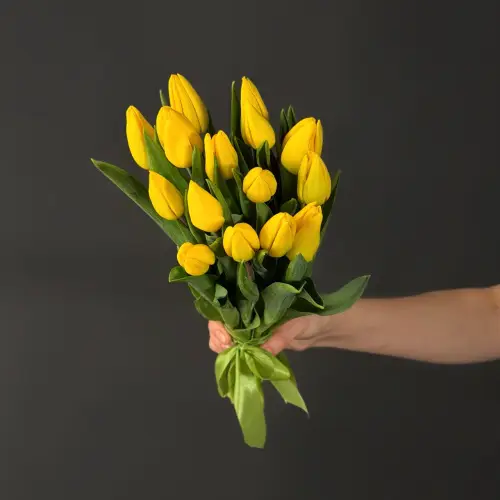Букет из 15 желтых тюльпанов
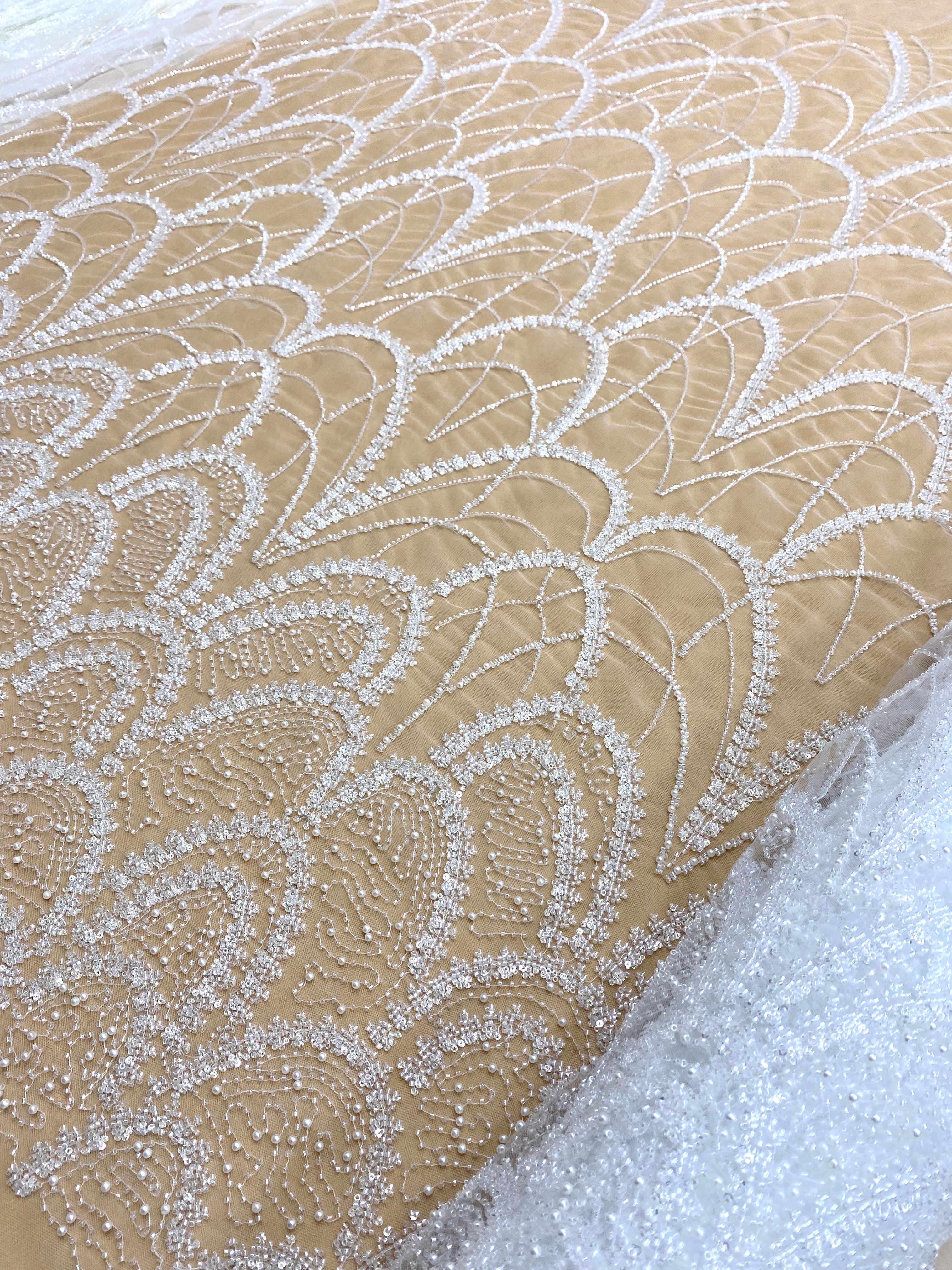 Dantela Couture Diamond cu Model Geometric, cu Perle, Margele si Paiete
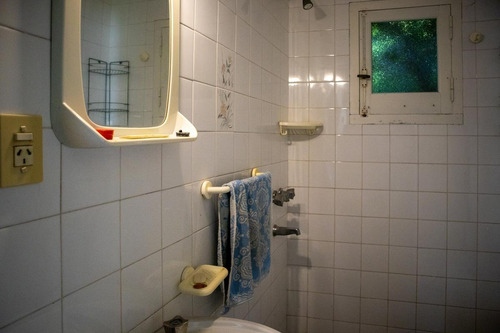 Imagen 19 de 20 de Casa Con Pileta A Pocas Cuadras Del Centro De Lobos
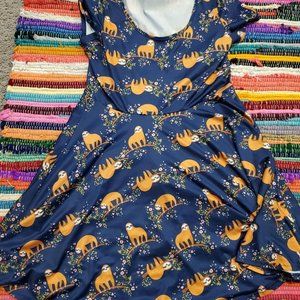 Gently Used Women's Size XL stretchy sloth skater dress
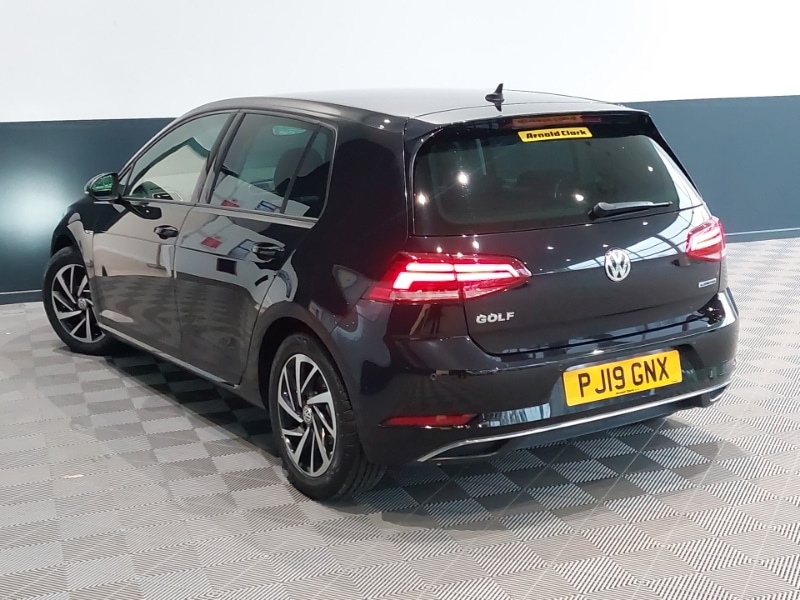 Used Volkswagen Golf 2019 for sale - 77708043: Photo 3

[WHAT TO PRODUCE] Output the full material exactly as given, without its pictures.

[RESULT BELOW]
Букет из 15 желтых тюльпанов
 Dantela Couture Diamond cu Model Geometric, cu Perle, Margele si Paiete
 Imagen 19 de 20 de Casa Con Pileta A Pocas Cuadras Del Centro De Lobos
 Gently Used Women's Size XL stretchy sloth skater dress
 Used Volkswagen Golf 2019 for sale - 77708043: Photo 3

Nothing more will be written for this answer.